Earlier this month we spotted the addition of a new GFX1170 GPU target in the AMDGPU LLVM back-end. Making this GFX1170 target interesting is that its marked as an APU/SoC part with “RDNA 4m” while being part of the GFX11 series. The GFX11 series is for RDNA3, GFX115x is for RDNA 3.5, and GFX12 is RDNA4. More ISA changes have now been committed to the AMDGPU LLVM back-end that make a few more instruction differences better aligned with RDNA4.
The GFX1170 target in the LLVM AMDGPU code began with just a few feature differences over existing GFX3 targets, most notably was FP8/BF8 conversion support added. In the time since that initial activity, more differences are now indicated in the latest LLVM Git code.

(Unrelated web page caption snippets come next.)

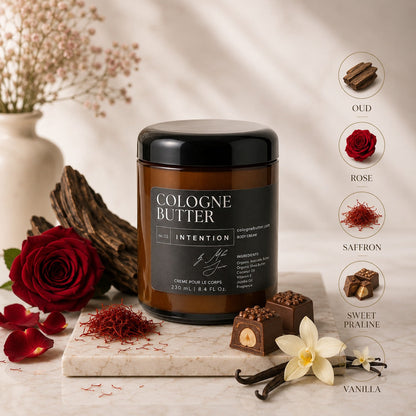 INTENTION – Luxury Fragrance Body Butter | Oud, Rose & Vanilla Cologne Scent Moisturizing Skin Butter | Cologne Butter by CB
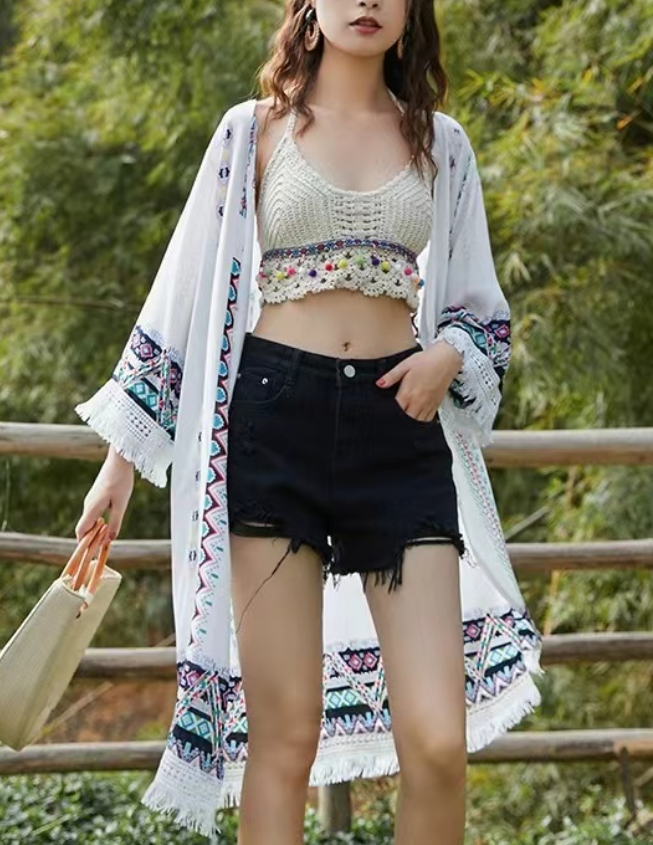 Loose Printed Fringe Thin Beach Sun Screen Jacket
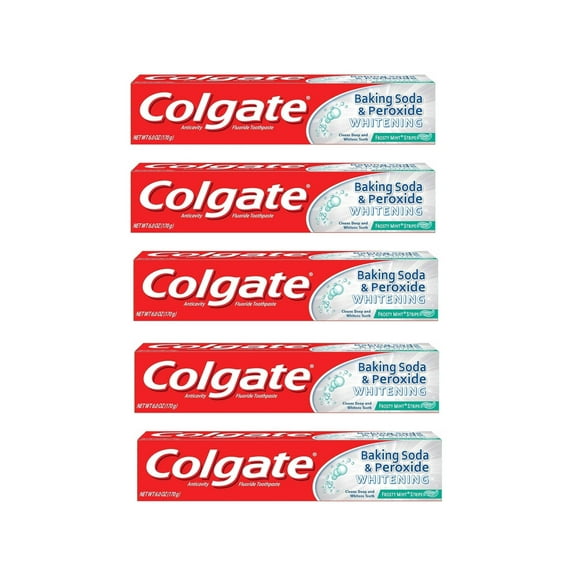 Colgate Baking Soda & Peroxide Whitening Frosty Mint Stripe Toothpaste, 6 oz - Pack of 5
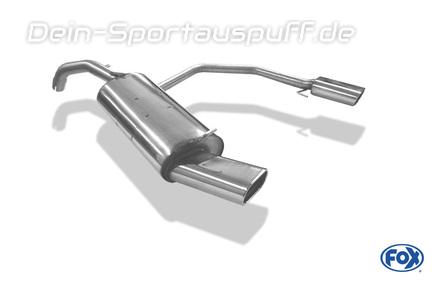 Fox Edelstahl Duplex Sportauspuff VW New Beetle 1C 9C 135x80mm flachoval eingerollt abgeschrägt mit Absorber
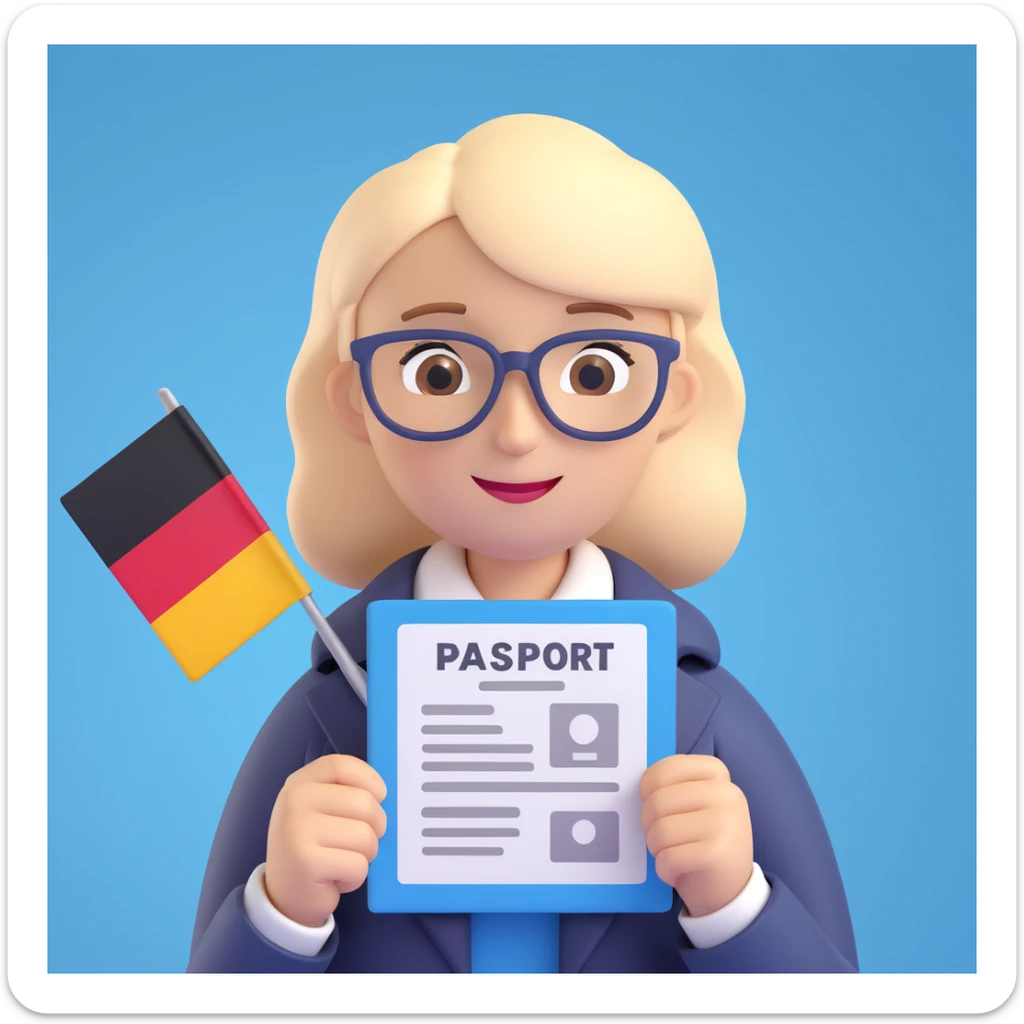 Add a background with the German flag. The universal character holds a passport or permanent residence document in hands. Maintain the 3D style. The character is neutral, friendly, and official. sticker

Merged today are new WMMA and SWMMAC instructions for GFX1170 hardware. That code added new WMMA128bInsts for GFX1170 and GFX12 WMMA and SWMMAC instructions to better separate from the existing WMMA256bInsts for GFX11 WMMA instructions that don’t apply to the GFX1170 series. The Wave Matrix Multiply Accumulate (WMMA) ISA improvements to better match RDNA4/GFX12 should help with AI/ML and other GPU compute workloads.
Also merged today is dropping V_DOT2ACC_F32_F16 from GFX1170 series. V_DOT2ACC_F32_F16 is used for the dot product of packed FP16 values, accumulate with destination. RDNA4 dropped V_DOT2ACC_F32_F16 while GFX1170 is also removing this instruction.
Another open merge request that was opened a few hours ago drops DX10_CLAMP and IEEE bits from the GFX1170 series. The “amdgpu-ieee” mode is to specify whether the function expects the IEEE field of the mode register to be set on entry. The “amdgpu-dx10-clamp” specifies whether the DX10_CLAMP field of the mode register is to be set on entry for matching DirectX 10 behavior around Not a Number “NaN” in the vector ALU. RDNA4 already dropped DX10_CLAMP while GFX1170 is now shifting away too.
Interesting to see more of these ISA changes coming about for GFX1170 to better push it closer to RDNA4 than RDNA3 and making more sense as “RDNA 4m” rather than just marketing speak. We still don’t know though what APUs/SoCs are ultimately expected to have this RDNA 4m graphics IP.